Description of problem: /usr/share/man> for x in `find -name *gz`; do zcat $x | if ! test -z "`iconv 2>&1 >/dev/null`"; then echo $x; fi done ./man1/ptx.1.gz ./man1/perlcn.1.gz ./man1/perlebcdic.1.gz ./man1/perlhack.1.gz ./man1/perlhist.1.gz ./man1/perljp.1.gz ./man1/perlko.1.gz ./man1/perlothrtut.1.gz ./man1/perlthrtut.1.gz ./man1/perltw.1.gz ./man1/fc-cache.1.gz ./man1/fc-list.1.gz ./man1/grolbp.1.gz ./man1/gs-pcl3.1.gz ./man1/pcl3opts.1.gz ./man1/ntpdate.1.gz ./man1/ntpq.1.gz ./man1/tickadj.1.gz ./man1/cdrecord.1.gz ./man1/mkromdic.1.gz ./man1/ppmshadow.1.gz ./man1/flipdiff.1.gz ./man1/unwrapdiff.1.gz ./man1/dvdrecord.1.gz ./man3/Unicode::Collate.3pm.gz ./man5/sane-agfafocus.5.gz ./man5/sane-avision.5.gz ./man5/sane-coolscan2.5.gz ./man5/sane-umax_pp.5.gz ./man7/groff_mm.7.gz ./man7/groff_mmse.7.gz ./man8/netdump-server.8.gz Version-Release number of selected component (if applicable): How reproducible: Steps to Reproduce: 1. 2. 3. Actual results: Expected results: Additional info:
It should be noted that recent versions of man should be able to handle non-UTF-8 man-pages (for the sake of 3rd party cross-distro rpms)... although man assumes that each language is either UTF-8 or exactly one other predetermined encoding (example: Russian is KOI8-R if it's not UTF-8). The "other" encoding is what I believed to be the "most popular" encoding in Linux for that language's man pages. Where this runs into trouble is for languages with multiple encodings; e.g. French (ISO-8859-1 and ISO-8859-15), Japanese (EUC-JP, ISO-2022-JP, and (rarely) Shift-JIS). These two languages deserve special attention with respect to multiple charsets/encodings.

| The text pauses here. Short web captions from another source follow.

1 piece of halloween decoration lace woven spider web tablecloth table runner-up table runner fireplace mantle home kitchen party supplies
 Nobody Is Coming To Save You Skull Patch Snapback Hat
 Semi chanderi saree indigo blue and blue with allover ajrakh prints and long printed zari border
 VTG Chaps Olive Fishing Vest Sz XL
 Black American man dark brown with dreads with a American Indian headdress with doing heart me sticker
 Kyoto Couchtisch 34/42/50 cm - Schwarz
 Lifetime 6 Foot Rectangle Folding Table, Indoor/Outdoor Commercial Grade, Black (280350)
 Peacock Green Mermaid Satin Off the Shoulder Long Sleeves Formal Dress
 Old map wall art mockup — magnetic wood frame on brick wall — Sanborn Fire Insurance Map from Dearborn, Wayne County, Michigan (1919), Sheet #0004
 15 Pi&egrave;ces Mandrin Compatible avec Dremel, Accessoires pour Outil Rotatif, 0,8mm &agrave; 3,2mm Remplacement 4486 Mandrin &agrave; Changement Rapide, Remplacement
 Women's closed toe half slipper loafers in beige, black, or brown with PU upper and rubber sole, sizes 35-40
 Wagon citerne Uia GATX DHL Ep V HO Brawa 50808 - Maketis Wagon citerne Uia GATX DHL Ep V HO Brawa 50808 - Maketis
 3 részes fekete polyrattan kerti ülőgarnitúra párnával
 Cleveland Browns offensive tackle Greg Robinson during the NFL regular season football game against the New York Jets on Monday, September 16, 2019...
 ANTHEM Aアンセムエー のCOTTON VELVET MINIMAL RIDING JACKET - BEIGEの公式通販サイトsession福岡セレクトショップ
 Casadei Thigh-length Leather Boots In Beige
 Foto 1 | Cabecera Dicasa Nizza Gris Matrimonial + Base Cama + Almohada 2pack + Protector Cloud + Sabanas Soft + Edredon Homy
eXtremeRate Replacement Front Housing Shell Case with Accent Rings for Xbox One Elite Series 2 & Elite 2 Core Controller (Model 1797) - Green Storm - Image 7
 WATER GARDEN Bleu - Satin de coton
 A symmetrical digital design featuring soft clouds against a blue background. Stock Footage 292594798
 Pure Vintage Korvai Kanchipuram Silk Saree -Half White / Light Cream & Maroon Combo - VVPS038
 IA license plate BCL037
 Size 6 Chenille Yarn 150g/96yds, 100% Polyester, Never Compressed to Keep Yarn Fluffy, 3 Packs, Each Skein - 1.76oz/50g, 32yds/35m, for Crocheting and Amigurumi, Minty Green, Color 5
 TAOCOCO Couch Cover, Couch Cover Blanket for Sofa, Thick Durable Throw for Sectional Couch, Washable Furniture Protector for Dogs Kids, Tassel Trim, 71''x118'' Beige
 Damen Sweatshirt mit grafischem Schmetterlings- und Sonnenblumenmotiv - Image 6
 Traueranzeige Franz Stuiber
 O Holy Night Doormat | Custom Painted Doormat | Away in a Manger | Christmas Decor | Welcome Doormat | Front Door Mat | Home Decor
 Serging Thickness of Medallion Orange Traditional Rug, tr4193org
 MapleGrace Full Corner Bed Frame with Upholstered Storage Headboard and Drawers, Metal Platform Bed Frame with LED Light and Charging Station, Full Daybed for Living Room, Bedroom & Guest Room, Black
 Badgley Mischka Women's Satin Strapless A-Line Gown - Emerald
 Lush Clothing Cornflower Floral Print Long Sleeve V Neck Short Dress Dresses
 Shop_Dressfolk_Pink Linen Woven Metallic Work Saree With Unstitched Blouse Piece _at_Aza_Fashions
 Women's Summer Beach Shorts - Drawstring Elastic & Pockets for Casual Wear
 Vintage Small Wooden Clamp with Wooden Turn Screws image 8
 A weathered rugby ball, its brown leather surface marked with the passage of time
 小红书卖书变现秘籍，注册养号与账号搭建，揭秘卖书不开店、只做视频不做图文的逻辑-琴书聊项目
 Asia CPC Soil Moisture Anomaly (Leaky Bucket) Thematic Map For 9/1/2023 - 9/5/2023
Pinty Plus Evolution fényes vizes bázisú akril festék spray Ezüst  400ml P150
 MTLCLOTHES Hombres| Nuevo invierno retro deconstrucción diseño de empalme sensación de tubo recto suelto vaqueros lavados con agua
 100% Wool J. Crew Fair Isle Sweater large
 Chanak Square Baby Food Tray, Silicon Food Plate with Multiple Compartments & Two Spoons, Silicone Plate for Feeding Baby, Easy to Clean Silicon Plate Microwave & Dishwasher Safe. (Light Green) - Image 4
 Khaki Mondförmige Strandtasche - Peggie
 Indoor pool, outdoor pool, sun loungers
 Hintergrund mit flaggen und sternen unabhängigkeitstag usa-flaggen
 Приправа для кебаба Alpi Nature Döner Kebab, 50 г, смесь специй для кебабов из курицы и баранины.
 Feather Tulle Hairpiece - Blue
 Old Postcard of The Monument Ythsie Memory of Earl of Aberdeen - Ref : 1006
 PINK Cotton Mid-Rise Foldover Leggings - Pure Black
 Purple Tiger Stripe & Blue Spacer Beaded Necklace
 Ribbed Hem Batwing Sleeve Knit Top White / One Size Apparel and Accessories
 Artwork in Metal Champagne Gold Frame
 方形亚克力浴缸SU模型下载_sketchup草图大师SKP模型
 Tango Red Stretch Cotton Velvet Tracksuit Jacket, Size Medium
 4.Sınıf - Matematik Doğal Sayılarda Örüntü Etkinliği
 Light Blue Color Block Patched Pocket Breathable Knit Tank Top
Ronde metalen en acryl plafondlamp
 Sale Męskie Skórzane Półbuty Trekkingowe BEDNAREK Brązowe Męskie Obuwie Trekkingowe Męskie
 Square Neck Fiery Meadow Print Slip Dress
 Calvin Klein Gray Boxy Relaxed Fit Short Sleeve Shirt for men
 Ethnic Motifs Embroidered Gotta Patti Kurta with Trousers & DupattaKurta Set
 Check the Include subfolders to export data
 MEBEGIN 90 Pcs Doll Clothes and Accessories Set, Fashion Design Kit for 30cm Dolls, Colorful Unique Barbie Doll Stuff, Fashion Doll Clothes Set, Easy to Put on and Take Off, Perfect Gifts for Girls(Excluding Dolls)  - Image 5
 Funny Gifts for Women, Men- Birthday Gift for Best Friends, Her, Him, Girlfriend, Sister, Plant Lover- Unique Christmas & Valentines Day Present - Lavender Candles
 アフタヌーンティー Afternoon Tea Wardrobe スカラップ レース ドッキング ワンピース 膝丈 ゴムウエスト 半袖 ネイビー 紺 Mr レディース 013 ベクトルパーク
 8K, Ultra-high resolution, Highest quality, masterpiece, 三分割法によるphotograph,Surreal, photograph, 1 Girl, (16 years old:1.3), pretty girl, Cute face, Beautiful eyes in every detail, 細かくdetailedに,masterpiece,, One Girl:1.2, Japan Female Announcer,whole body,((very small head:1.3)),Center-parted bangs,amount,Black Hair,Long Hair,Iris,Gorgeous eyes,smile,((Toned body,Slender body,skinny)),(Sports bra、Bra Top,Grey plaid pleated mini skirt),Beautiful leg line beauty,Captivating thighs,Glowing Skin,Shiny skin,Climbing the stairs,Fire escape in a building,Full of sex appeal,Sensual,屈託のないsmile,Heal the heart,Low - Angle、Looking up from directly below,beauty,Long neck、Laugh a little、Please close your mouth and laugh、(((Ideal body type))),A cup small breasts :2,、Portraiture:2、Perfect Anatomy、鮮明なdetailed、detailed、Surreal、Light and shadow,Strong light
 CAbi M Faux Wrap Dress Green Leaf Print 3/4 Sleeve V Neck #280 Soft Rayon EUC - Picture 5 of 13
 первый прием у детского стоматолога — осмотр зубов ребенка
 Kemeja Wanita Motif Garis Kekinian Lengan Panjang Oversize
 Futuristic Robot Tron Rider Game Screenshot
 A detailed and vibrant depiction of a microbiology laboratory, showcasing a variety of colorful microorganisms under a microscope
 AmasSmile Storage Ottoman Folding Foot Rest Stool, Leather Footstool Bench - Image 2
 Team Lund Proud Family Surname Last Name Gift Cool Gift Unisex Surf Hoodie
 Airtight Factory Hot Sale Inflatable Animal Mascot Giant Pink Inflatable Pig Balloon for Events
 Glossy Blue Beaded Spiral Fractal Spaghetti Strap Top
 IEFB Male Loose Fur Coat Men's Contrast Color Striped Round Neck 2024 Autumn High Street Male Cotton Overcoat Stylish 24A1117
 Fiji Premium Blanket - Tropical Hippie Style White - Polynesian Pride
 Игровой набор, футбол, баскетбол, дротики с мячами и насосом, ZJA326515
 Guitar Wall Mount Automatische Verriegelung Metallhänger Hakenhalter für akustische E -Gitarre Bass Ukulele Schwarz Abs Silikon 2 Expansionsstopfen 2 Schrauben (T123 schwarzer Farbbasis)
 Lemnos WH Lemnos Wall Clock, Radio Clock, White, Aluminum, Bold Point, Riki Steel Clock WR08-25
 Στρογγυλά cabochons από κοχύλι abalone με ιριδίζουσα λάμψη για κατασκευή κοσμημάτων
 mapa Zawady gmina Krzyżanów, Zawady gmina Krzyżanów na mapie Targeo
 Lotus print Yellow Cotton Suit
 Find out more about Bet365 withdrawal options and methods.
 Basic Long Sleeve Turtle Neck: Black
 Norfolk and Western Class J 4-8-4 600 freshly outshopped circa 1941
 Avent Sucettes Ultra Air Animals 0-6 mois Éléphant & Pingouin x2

Adrian, because of the reason you presented I convert all the man pages in packages where I found bad encoded man to UTF-8. Do you have any objections against that? Florian, we're working together with mitr to convert all the pages to the correct enoding. On my fresh FC3 installation I've found slighly more that 100 man pages in wrong encoding.
Comment 2: absolutely no objections-- thanks Jindrich. The intention for the non-UTF-8 support is for supporting LEGACY/old man-pages from 3rd party folks playing catch up. (It will print a warning to stderr when man encounters a non-UTF-8 pages)
All packages except the blockers of this bug have been fixed.